When not to use these prompts

Don’t use these to test internal component logic — that’s unit / component-test territory. Don’t use them on flows that change weekly — the test cost outweighs the value.

Prompt anatomy / structure formula

Every e2e plan prompt should carry six elements:

  • Role: who the AI plays (release captain / QA lead / SRE / staff engineer).
  • Context: repo / framework / runtime / branch / diff / failing logs.
  • Goal: one concrete deliverable — checklist, plan, test file, review notes, root cause, ticket list.
  • Constraints: what AI MUST NOT do (don’t auto-fix, don’t silently rewrite, don’t guess versions).
  • Output format: numbered findings, markdown table, JSON schema, unified diff, or runnable code.
  • Examples / signal: 1-2 examples of “good” output, or what bad output looks like.

Best for

  • Choosing the 5-8 user journeys worth e2e-testing
  • Setting selector / fixture / auth conventions before writing tests
  • Stabilising a flaky suite without throwing it away
  • Adding e2e coverage on a single PR (not full suite)
  • Migrating Cypress → Playwright (or vice versa)
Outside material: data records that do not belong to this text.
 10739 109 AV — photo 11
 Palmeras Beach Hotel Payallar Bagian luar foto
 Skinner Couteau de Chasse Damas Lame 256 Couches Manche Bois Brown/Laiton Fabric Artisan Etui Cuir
13 copy-ready prompt templates

1. Journey selection

You are a QA lead. Given this app description: {appDescription}, list the 5-8 user journeys worth e2e-testing. For each: (1) one-line user goal, (2) the failure mode that would lose us revenue / users, (3) entry and exit URLs, (4) data setup needed. Stop at 8. Anything else belongs in unit / component tests.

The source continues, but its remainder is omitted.